当推理测试完成时,在run位置上将会创建一个detect子文件夹。运行后的推理结果将在exp文件夹内进行存储。如图所示。
图片的推理结果如下所示。效果还是很不错的。
至此yolov5训练自己的模型就完全搞定了。
三、训练结果讲解
模型训练结束后,在run文件夹中将生成一个命名为train的子目录。推理结果将被存放于exp文件夹中。如图所示
通过查看上述图片中的信息可以得知:
经过200次训练任务后,在过去3.739小时的时长内完成了学习过程。
该训练任务的最终成果为last.pt文件,并位于指定位置且大小为27.4MB。
本次最佳训练成果位于best.pt文件中,并且同样存储在指定位置上。
最终模型参数被成功保存至runs/train/exp14目录中。
点击该链接即可访问预览页面。

(一)深入了解文件含义:损失函数、mAP可视化结果
这个图片内有YOLOv5的损失,其中损失分为三种
YOLO V5模型采用了GIOU Loss作为Bounding box的损失函数,并基于GIoU损失函数计算得到了Box loss这一指标。
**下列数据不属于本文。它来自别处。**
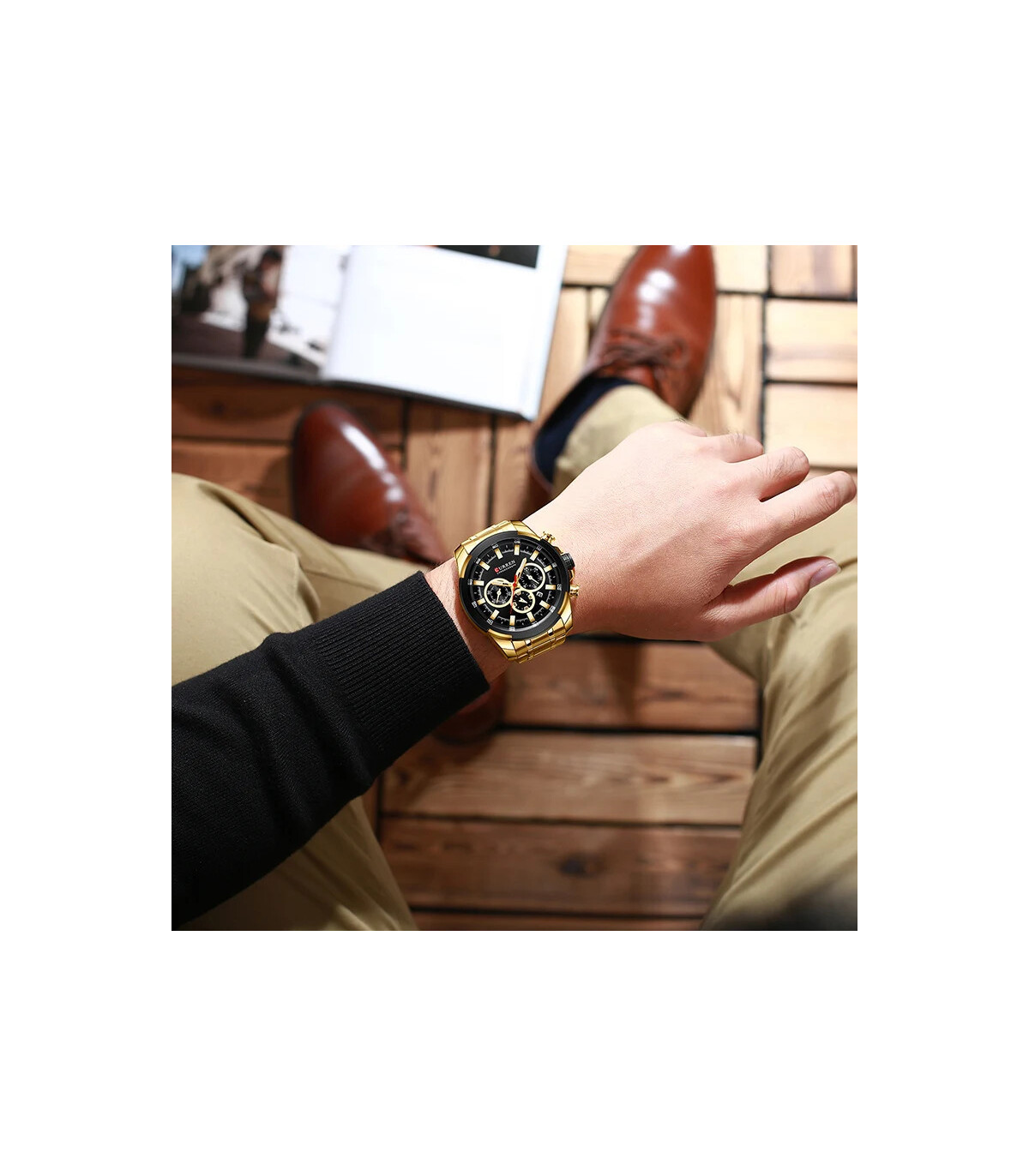 [G B Box] CURREN montres pour hommes Top marque grande montre de Sport de luxe hommes militaire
Box loss的具体数值反映了Bounding box定位的准确性。此外,在目标检测任务中定义了Obj loss这一指标用于衡量推测结果的质量;同样地,在分类任务中定义了Cls loss这一指标用于评估类别预测的效果。这些评价指标分别代表不同的性能维度:val/boxloss表示在验证集上进行Bounding box定位评估的结果;val/obj loss则是针对目标检测任务在验证集上的表现进行量化;val/cls loss则对应于分类任务在验证集上的性能表现。值得注意的是,在实际训练过程中由于仅包含person这一类别数据的缘故,在所有Cls loss相关的指标上其数值均为零【因为只有person这一类别的标签存在

(二)影响mAP的因素
mAP(Mean Average Precision)被视为评估目标检测系统性能的关键指标。该指标综合考量了模型在各类别中精确度与召回率的平均表现。
该目标检测算法在准确度方面的性能表现将直接影响mAP指标的结果。该算法在识别和定位方面的表现均具有显著优势。
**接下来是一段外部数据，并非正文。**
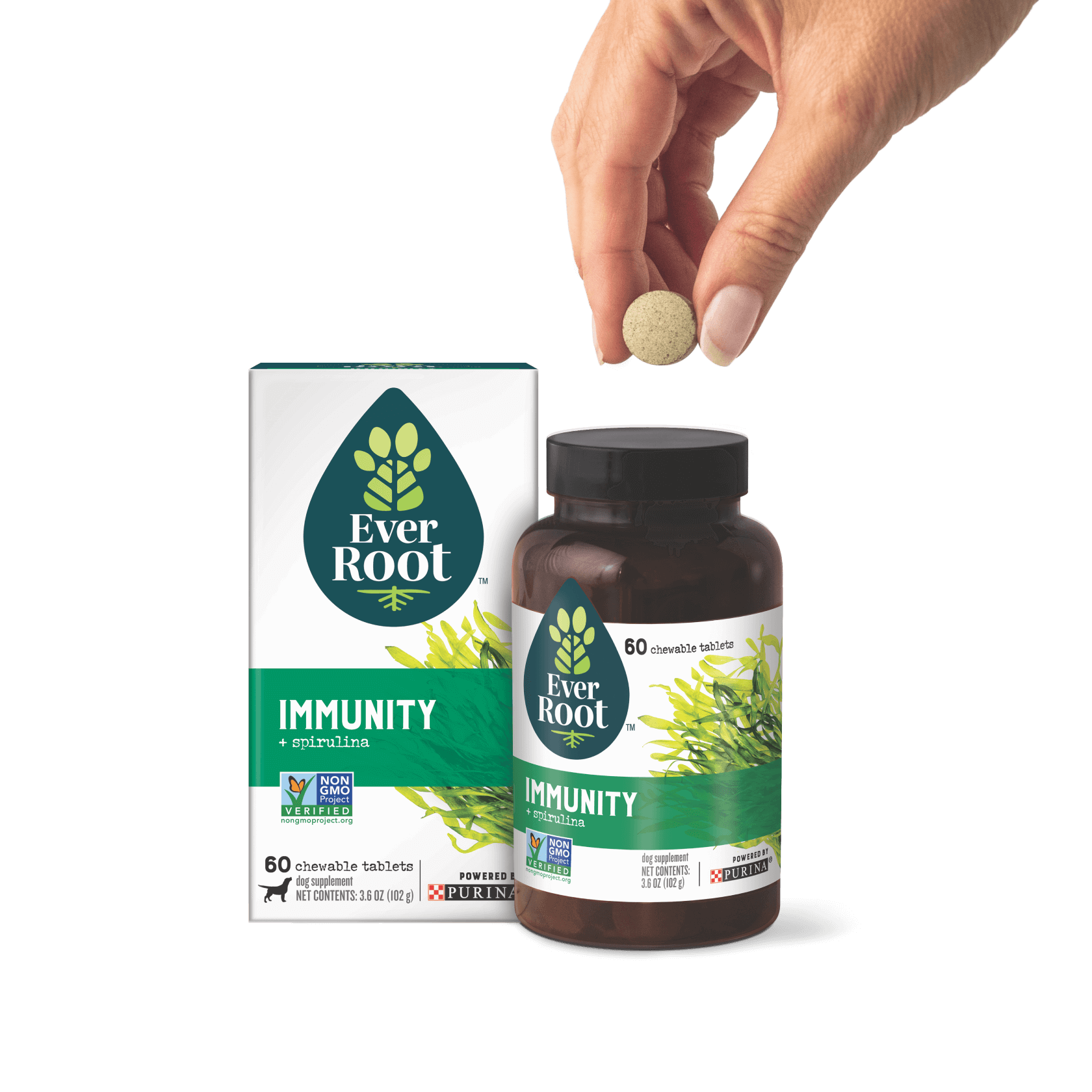 EverRoot Immunity Chewable Tablets with packaging and hand holding tablet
模型的训练数据质量:直接关系到模型的泛化能力和效能。更加多样和全面的数据通常有助于提升模型的mAP指标。
3. 超参数调优:在模型训练中对超参数进行微调(如调整学习率衰减策略、优化批量处理大小等),这不仅能够提高模型的收敛速度与训练效果,并且会对最终结果中的平均精度指标产生显著影响
4. 数据增强策略:采用合适的数据增强技术(如随机裁剪、旋转、缩放等)能够有效提升训练数据的多样性,并有助于提升模型的泛化能力以及mAP指标。
5. 先验框(Anchor Boxes)的设计:许多目标检测模型(包括YOLO与SSD)采用先验框来推断目标的位置与类别。通过调整先验框的设计与分布情况,可以有效提升模型在目标检测任务中的准确率与平均精度。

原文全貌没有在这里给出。